Available sources show a complex picture: surveys and academic studies find that support for political violence has fluctuated and in some periods is similar across parties, while incident-level data and expert analyses show more actual violent incidents have been carried out by right‑wing actors in recent years (see Reuters on >600 incidents since Jan 6, 2021; Cato and PBS on right‑wing fatalities) [1] [2] [3]. Research also stresses that measurement choices (state vs. county, survey wording, engagement filters) and differing definitions of “political violence” drive contradictory conclusions [4] [5].

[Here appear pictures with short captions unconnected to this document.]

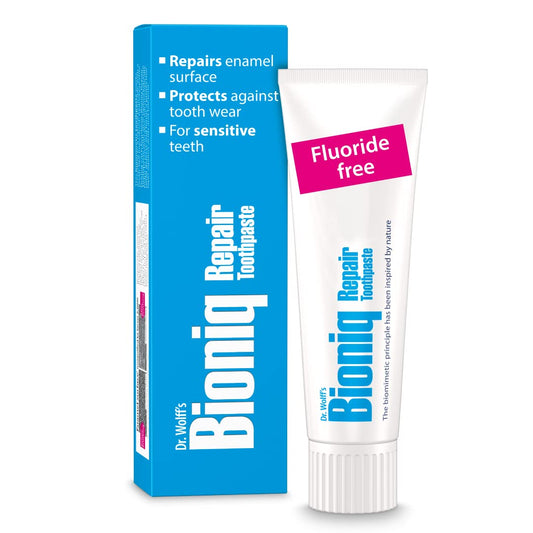 - Dr. Wolff's Bioniq Repair Toothpaste 75ml | Fluoride Free Toothpastes for Daily Use | for Sensitive Teeth Inspired by Nature | Enamel Repair Whitening Toothpaste | Small Toothpaste for Travel & Home -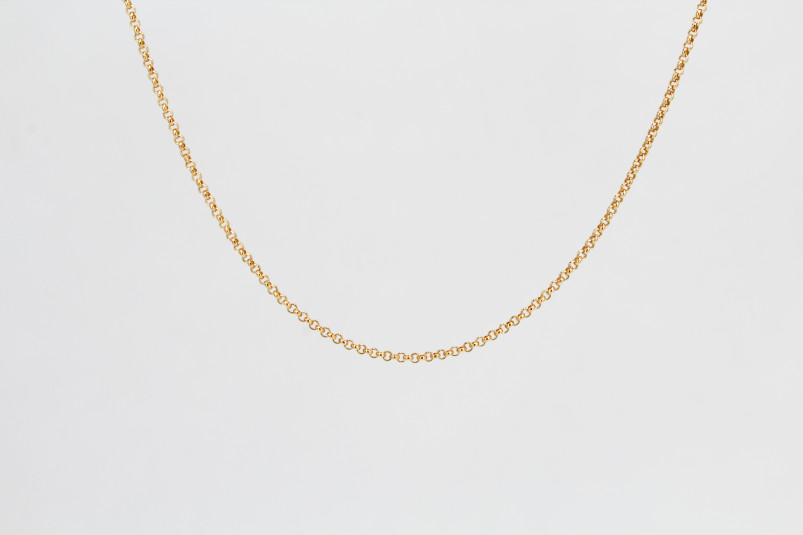 Gargantilla de oro de 18k. de segunda mano. Joyería de ocasión | ROYALHYSTERIA
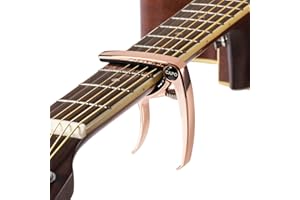 ENO MUSIC ENO Guitar Capo for 6 String Guitar and Mandolin, Professional Acoustic and Electric Guitars Capo (GuitarCapo-RedCopper)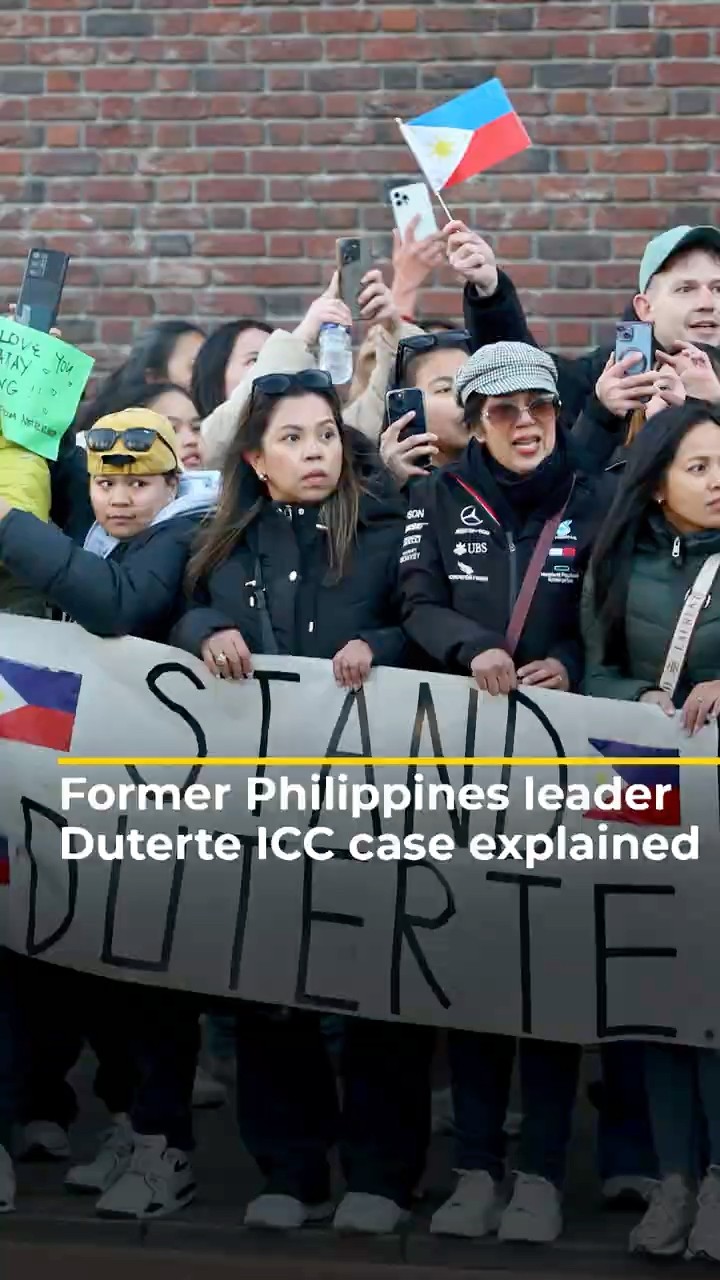 Former Philippines leader Duterte’s ICC case explained | AJ #shorts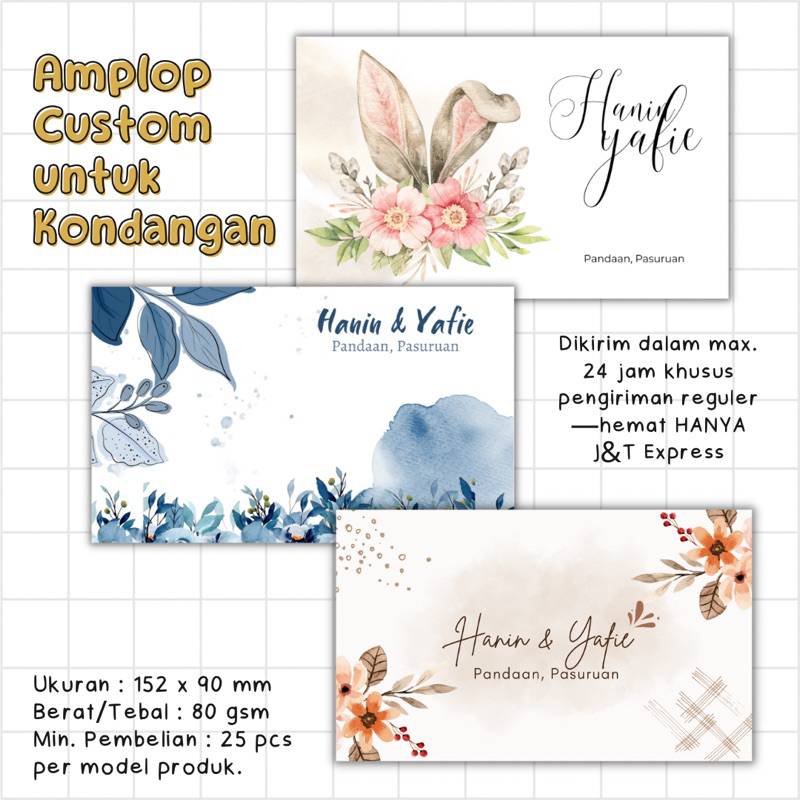 

[BACA DESKRIPSI!!!] AMPLOP KONDANGAN KEKINIAN CUSTOM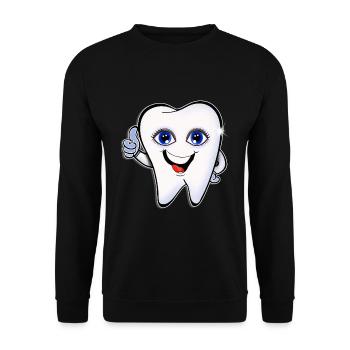 Dentist dental dental assistant helper t shirt - Unisex Sweatshirt - black - Front - Alina (178cm) & Michal (187cm)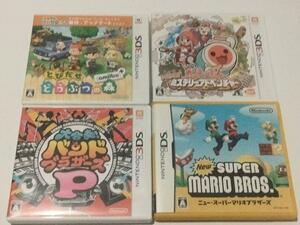 3ds 太鼓の達人等ソフト　4本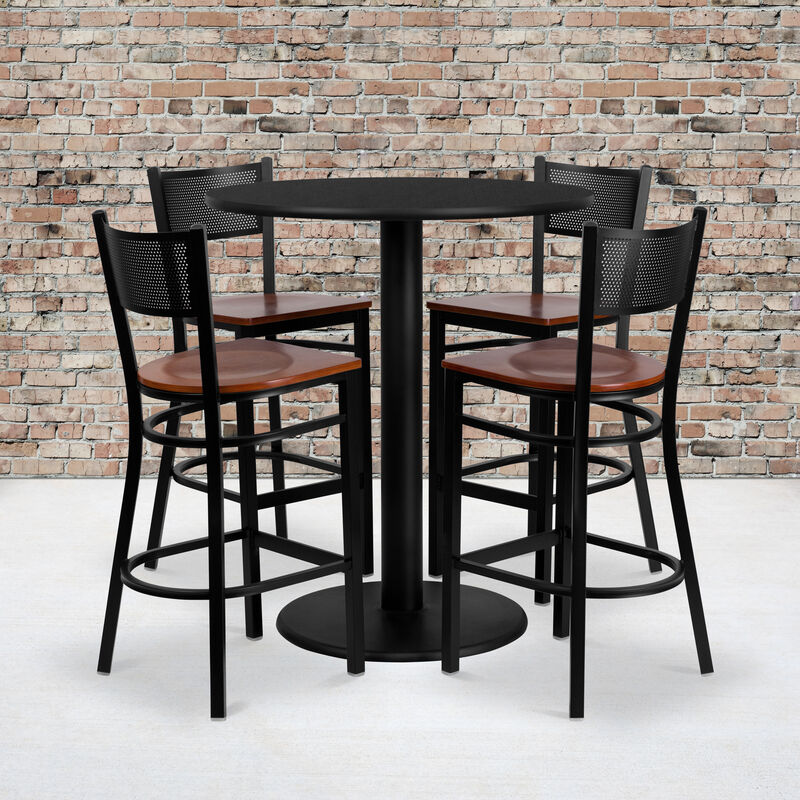 Laminate Restaurant Bar Table and Stool Sets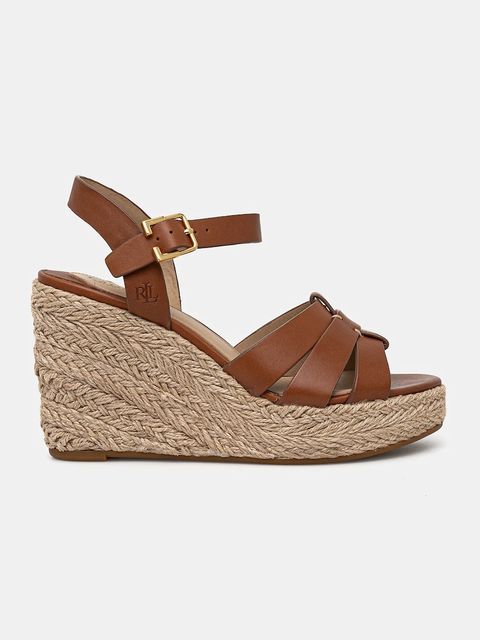 Lauren Ralph Lauren sandały skórzane Soffia Espdr - zdjęcie produktu nr 1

1. How scholars measure “who” commits political violence — and why that matters

Researchers use two very different approaches: opinion surveys that ask whether violence is “sometimes justified” and event datasets that record actual attacks and fatalities. Surveys can show similar levels of justification across partisans at certain times — for example, some studies found Democrats and Republicans were “extremely close” in endorsing violence between 2017–2020 — but those same studies warn responses depend on question phrasing, timing, and respondent engagement [6] [5]. Event datasets, by contrast, suggest a heavier toll from right‑wing attackers on recent deadly incidents, but compiling and classifying events also requires judgment calls about motive and scope [2] [3].

2. The empirical pattern: opinions versus incidents

Multiple sources report that attitudes and incidents diverge. National surveys and longitudinal work find sizable minorities in both parties who say political violence can be justified under some circumstances and show shifting partisan peaks (e.g., spikes among Republicans around Trump’s impeachment) [6] [7]. But incident tallies and analyses of terrorism and extremist violence show a higher number of deadly events attributable to right‑wing actors in recent years, and right‑wing incidents have often been deadlier historically [3] [2].

3. Geography and aggregation change the headline

Analysts warn that whether you look at states, counties, cities, or individual attackers transforms the result. One review shows Democratic areas appear worse at the county level while Republican-governed states look worse at the state level; researchers say these discrepancies reflect population density, urban crime concentrations, and selection choices — not a simple red‑vs‑blue moral tally [4]. This means policymakers and journalists can reach opposing conclusions from the same underlying data by changing the unit of analysis [4].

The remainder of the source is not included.